To achieve the same caching behavior as in our Gitlab CI pipelines, we will have to add another S2I script called save-artifacts that extracts the dependencies we want to cache. OpenShift can later be configured to automatically inject those dependencies before running the assemble script.

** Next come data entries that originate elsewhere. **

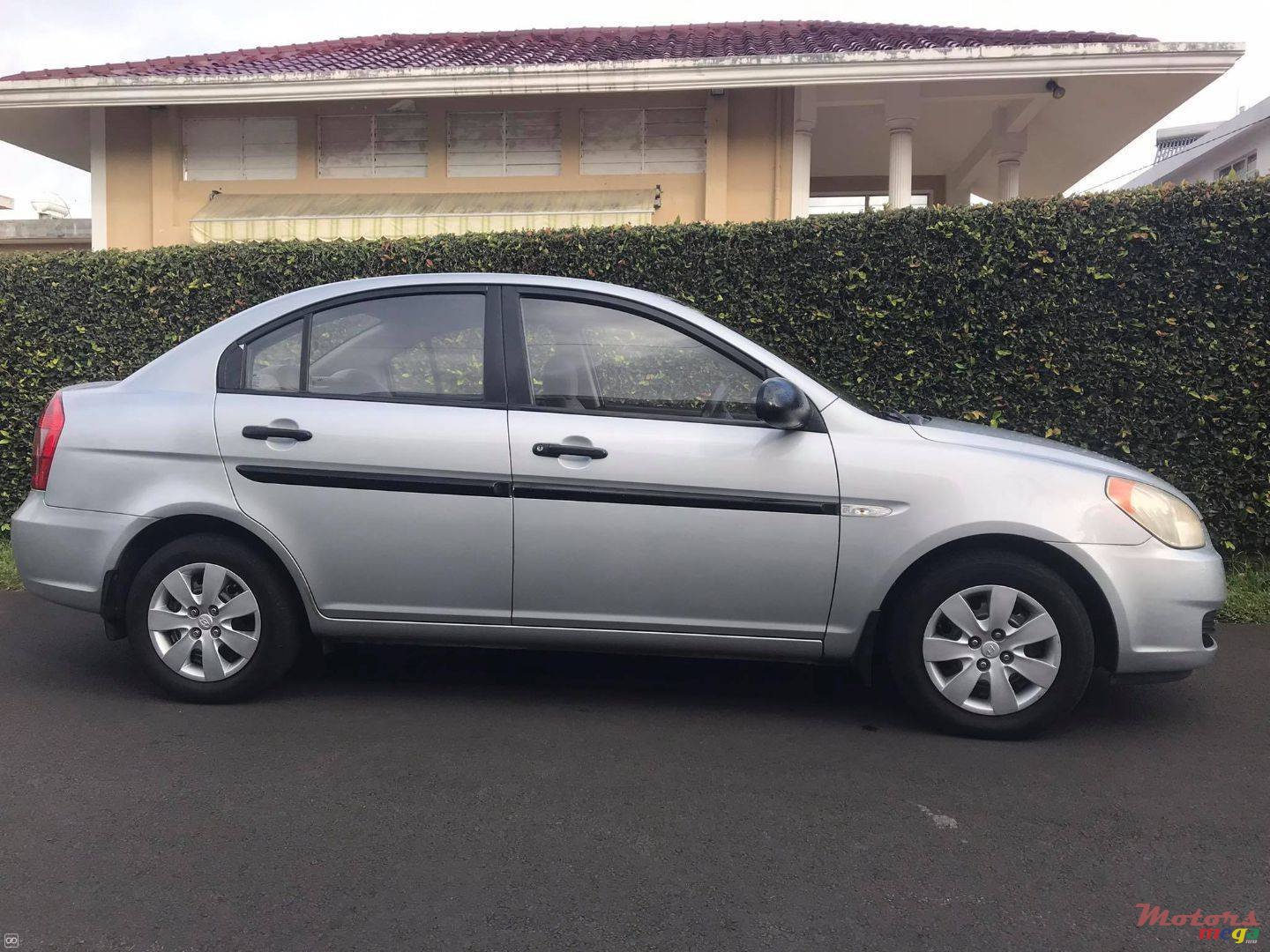 2008' Hyundai Accent photo #2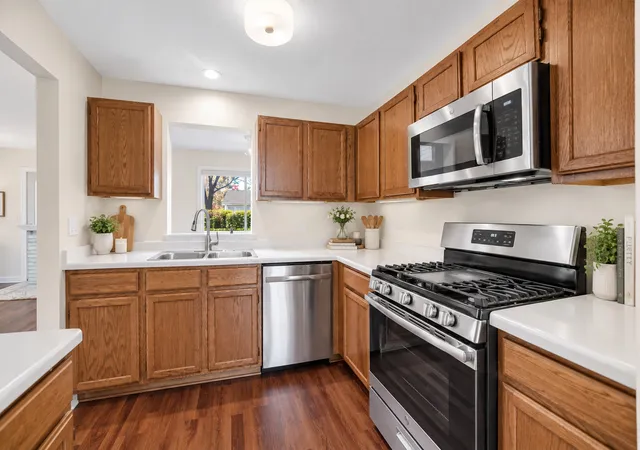 Photo 1 of Townhouse for sale at 1836 Princeton Ct, Gurnee, IL 60031 | MLS# 12786147 | Listing updated on 2026-10-20
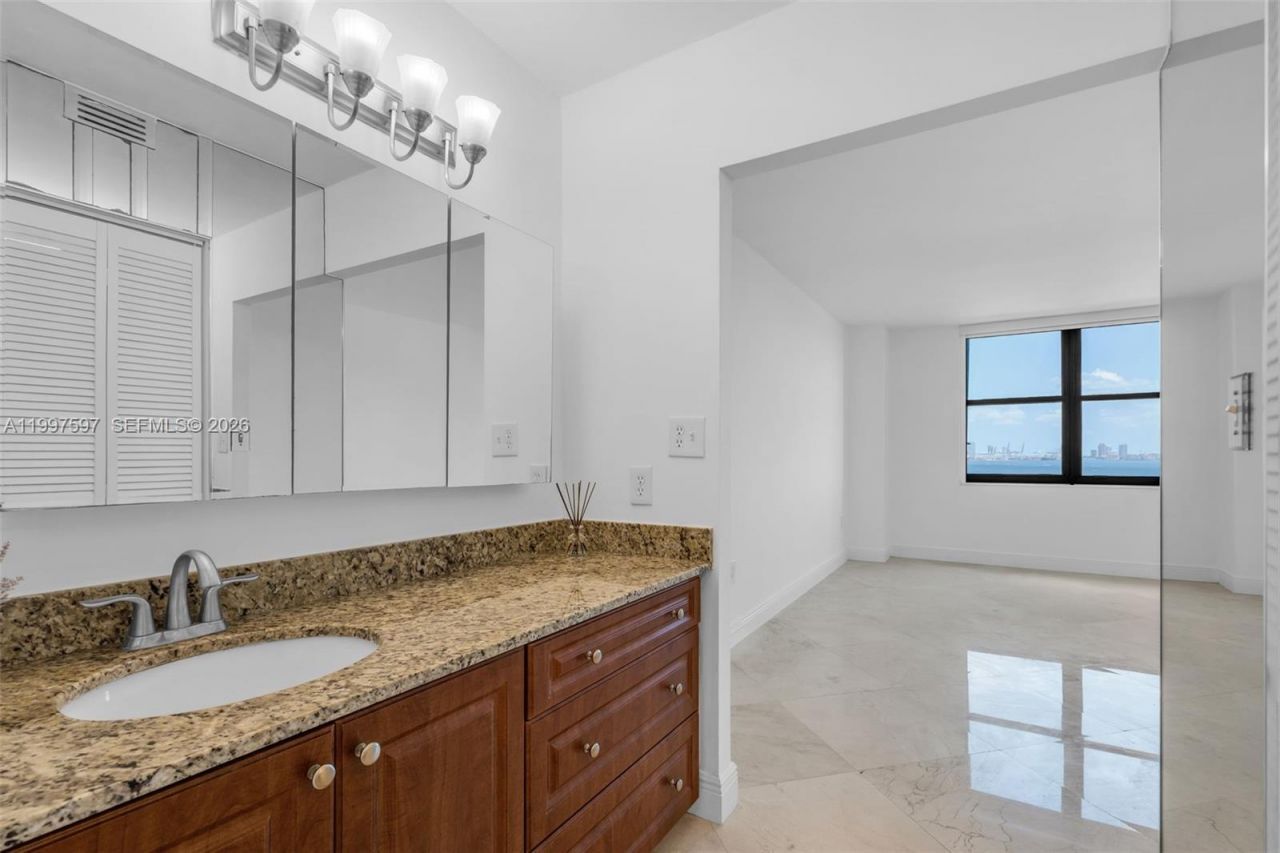 2333 Brickell Ave, Unit 1109, Miami, FL 33129 Photo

A stub for the save-artifacts script should already have been created in the .s2i/bin directory. We will need to update the paths it extracts to contain the .ivy cache folder, as this is where the SBT build tool caches the dependencies.

.s2i/bin/save-artifacts
#!/bin/sh -e
# The save-artifacts script streams a tar archive to standard output.
# The archive contains the files and folders you want to re-use in the next build.
tar cf - .ivy2 target .sbt

If S2I has been configured correctly, it will inject the saved “artifacts” on the next run. The directory it injects them to will normally be /tmp/artifacts. Our assemble script will need to be extended such that it recognizes those artifacts and reuses them:

.s2i/bin/assemble
#!/bin/bash -e
# Restore artifacts from the previous build (if they exist).
if [ "$(ls /tmp/artifacts/ 2>/dev/null)" ]; then
    echo "---> Restoring build artifacts..."
    cp -Rn /tmp/artifacts/. ./
    rm -rf /tmp/artifacts
fi

echo "---> Installing application source..."
cp -Rf /tmp/src/. ./
rm -rf /tmp/src

echo "---> Building application from source..."
sbt -ivy ~/.ivy2 -verbose -mem 1024 clean stage
chgrp 0 target/universal/stage/bin/*
chmod g+x target/universal/stage/bin/*

This configuration will allow us to run incremental builds on OpenShift, which basically means that the artifacts of the previous build will be reused.